卒業を間近に控えた競馬学校騎手過程39期生の第2回模擬レースに参加するため、競馬学校に行ってきました。
学生時代は、同期のみんなができることを、なぜ私だけできないんだろうとイライラしたり、頑張っているつもりなのに、なかなか上手くならないことをくよくよ悩んだり……卒業してすぐの頃は、思い出すのも嫌だったはずなのに、今こうして時間が経ってみると、つらかったことも含めて、全部がいい思い出になっていることが、なんだかとても不思議な気分です。

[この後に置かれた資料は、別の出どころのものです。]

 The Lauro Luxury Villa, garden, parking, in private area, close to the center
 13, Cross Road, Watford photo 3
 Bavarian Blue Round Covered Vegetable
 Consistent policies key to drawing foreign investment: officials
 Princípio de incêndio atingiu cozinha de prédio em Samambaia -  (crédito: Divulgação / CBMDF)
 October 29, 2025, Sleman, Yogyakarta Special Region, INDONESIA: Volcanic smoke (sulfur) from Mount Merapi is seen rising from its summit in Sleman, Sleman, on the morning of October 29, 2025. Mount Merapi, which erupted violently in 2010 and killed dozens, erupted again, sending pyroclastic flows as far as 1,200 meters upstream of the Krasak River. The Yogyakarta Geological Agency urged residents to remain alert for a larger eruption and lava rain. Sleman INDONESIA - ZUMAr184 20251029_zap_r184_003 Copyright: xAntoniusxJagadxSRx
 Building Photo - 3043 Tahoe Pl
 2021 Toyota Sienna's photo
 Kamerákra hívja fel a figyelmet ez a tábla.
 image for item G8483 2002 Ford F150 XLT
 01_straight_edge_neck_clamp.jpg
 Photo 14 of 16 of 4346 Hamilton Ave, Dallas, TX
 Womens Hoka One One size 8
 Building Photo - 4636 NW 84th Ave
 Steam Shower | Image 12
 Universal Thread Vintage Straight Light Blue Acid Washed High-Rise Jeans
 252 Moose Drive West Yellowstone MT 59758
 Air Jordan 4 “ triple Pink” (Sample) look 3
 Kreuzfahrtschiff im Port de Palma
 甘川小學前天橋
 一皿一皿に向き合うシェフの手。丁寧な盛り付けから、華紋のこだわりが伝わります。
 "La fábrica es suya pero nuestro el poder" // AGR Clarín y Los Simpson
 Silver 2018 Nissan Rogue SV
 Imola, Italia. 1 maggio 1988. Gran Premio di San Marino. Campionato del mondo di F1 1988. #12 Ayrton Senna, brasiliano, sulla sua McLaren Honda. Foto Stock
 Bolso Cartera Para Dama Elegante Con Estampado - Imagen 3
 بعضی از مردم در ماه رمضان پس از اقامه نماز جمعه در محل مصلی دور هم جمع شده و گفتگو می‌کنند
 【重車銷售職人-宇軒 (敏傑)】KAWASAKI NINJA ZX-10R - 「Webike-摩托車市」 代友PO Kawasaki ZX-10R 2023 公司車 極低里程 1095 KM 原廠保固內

2R制で行われた模擬レースで、私が参加したのはダート1000mのレースですが、女子2人、男子4人、計6人の学生は、本物のレースを頭に思い描き、勝敗にこだわりながらも、ひとりひとりがきちんと目的意識を持って、落ち着いて騎乗しているように感じました。
自分の時はどうだったか。今年、デビューして7年目ですから、細かいところの記憶は薄ぼんやりとしていますが、思い返すとレース中、空回りをしたり、冷や汗をかいたり……こんなに落ち着いてはいなかったような気がします(苦笑)。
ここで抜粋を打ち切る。